The risks involved in CFD trading
The first consideration when using CFDs is that even though they were designed to simplify trading, they can be very complex instruments and can cause problems for new investors if they’re not adequately understood. Therefore, it’s essential to go through all the risks involved before trading. If you’re trading with a provider that wants to invest your money for you, then it’s worth checking their track record of achieving returns on their capital, rather than just looking at the quoted profits.
The risk of unreliable brokers
There are various further risks associated with CFDs – some of which can be extremely serious if they arise – so it’s wise to protect yourself by finding out what these are before setting up any transaction.
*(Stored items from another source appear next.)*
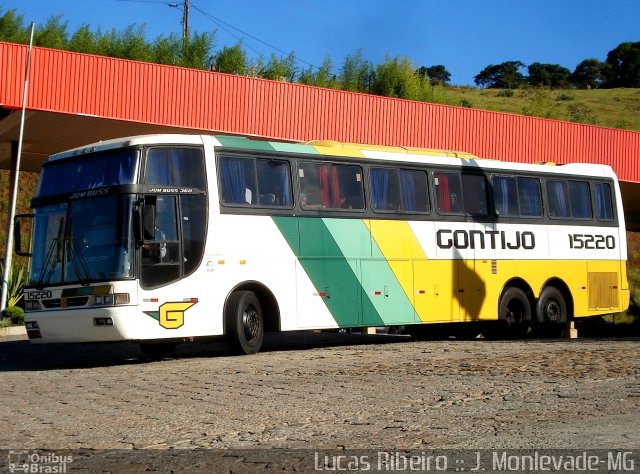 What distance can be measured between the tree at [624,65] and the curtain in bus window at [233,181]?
392 feet

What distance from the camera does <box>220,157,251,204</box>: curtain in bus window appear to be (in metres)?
16.7

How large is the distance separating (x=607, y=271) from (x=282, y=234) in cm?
925

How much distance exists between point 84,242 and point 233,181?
2.51 metres

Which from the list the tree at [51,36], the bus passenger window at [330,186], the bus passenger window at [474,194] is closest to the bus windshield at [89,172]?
the bus passenger window at [330,186]

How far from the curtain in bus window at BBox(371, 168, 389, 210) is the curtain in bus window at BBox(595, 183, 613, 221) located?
634cm

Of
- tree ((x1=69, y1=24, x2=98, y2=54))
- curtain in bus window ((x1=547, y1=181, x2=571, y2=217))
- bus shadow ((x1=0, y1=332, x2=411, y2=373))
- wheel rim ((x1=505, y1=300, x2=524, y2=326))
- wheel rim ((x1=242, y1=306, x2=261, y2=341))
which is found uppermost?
tree ((x1=69, y1=24, x2=98, y2=54))

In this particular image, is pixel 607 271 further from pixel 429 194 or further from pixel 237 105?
pixel 237 105

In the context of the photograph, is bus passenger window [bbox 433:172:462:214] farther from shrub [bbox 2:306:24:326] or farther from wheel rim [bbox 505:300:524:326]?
shrub [bbox 2:306:24:326]

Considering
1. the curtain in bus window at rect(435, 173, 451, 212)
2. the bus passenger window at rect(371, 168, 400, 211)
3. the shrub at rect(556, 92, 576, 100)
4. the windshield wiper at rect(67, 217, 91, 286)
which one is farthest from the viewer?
the shrub at rect(556, 92, 576, 100)

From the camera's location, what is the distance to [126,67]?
97.0 feet

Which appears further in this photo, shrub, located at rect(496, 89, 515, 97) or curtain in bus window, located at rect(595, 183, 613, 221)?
shrub, located at rect(496, 89, 515, 97)

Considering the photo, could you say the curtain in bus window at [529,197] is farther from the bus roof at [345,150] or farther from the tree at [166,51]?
the tree at [166,51]

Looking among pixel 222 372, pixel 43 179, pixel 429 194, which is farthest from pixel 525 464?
pixel 429 194

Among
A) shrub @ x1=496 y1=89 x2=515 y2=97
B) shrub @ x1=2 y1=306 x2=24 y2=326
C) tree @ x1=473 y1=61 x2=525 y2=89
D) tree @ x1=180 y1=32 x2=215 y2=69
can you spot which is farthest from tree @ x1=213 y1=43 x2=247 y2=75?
tree @ x1=473 y1=61 x2=525 y2=89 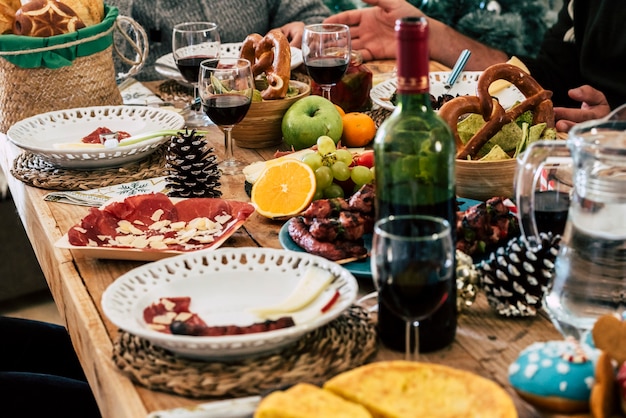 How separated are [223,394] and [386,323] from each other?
206 mm

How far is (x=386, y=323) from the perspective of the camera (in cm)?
100

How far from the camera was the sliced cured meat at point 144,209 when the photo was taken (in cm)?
134

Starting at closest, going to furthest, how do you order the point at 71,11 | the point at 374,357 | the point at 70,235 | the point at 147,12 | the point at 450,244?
the point at 450,244
the point at 374,357
the point at 70,235
the point at 71,11
the point at 147,12

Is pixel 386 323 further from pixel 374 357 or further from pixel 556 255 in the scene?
pixel 556 255

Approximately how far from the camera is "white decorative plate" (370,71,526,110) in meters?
1.86

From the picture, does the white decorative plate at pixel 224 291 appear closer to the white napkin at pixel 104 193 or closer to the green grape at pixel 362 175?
the green grape at pixel 362 175

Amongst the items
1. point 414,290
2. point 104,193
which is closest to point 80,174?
point 104,193

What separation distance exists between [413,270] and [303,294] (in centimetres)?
21

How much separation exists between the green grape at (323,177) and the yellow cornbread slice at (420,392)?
0.57 metres

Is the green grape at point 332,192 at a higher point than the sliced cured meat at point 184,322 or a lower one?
lower

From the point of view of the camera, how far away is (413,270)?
2.79 ft

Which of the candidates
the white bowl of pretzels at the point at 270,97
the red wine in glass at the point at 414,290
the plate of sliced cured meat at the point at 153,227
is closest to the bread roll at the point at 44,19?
the white bowl of pretzels at the point at 270,97

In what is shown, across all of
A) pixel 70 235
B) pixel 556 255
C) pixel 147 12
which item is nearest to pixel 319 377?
pixel 556 255

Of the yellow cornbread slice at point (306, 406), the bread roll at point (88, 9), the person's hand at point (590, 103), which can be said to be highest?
the bread roll at point (88, 9)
For example, even though there is no need for collateral in CFD trading, brokers may insist that you deposit more cash than you want to trade to cover unpredictable market movements. This means that if market conditions turn against you, then the broker has already secured his money and won’t feel any need to help you out. You should also be aware that CFD trading is very different from investing, so if you’re using it as a way of getting started in trading, you should be prepared for some dramatic ups and downs before you get the hang of things.
The risk of emotional trading
Your first step when assessing whether or not to trade via CFDs should always be to go through all the risks involved with that provider or strategy. It will help you make an informed decision about how much risk to take on without feeling any pressure from your broker (for example) to take additional risks.
Letting your emotions drive your trading is one of the most common mistakes made by people who trade CFDs. It’s easy to see why: since there is no need for collateral when trading via a CFD, many new investors initially feel that they can afford to take on more risk than they really should. The problem with this approach is that you could still lose all your money if the market turns against you, which means that it’s important not to think of CFD trading as something like playing poker where it doesn’t matter if you lose because you only put in what you’re willing to put at risk.
Trading via CFDs is much more like investing – once you’ve lost all your original investment, then there’s no prospect of any other returns.
The risk of uninformed trading
It’s important to remember that CFDs are complex investments, so it takes time to develop your understanding before setting out on any trading activities. If you don’t have the time for this (or prefer to keep things simple), there is nothing wrong with investing in shares instead, even if they aren’t as convenient to trade via an online broker.
However, when using publicly quoted prices, you will be able to check the current market value of any company whose shares you’re interested in. It isn’t available when entering into transactions through a CFD broker because these only deal with contracts that represent future assets rather than anything that’s changing hands at present. So when deciding whether or not CFDs are worth exploring further, you should also consider how convenient it would be for you to buy and sell shares rather than entering into a CFD transaction.
In conclusion
If you’d like to find out more about trading via CFDs, then try doing some research online – for example, by going through the articles at Investopedia’s CFD Trading University. There are also many other valuable resources available that you can use to get started with this type of investing, including educational videos on sites like YouTube.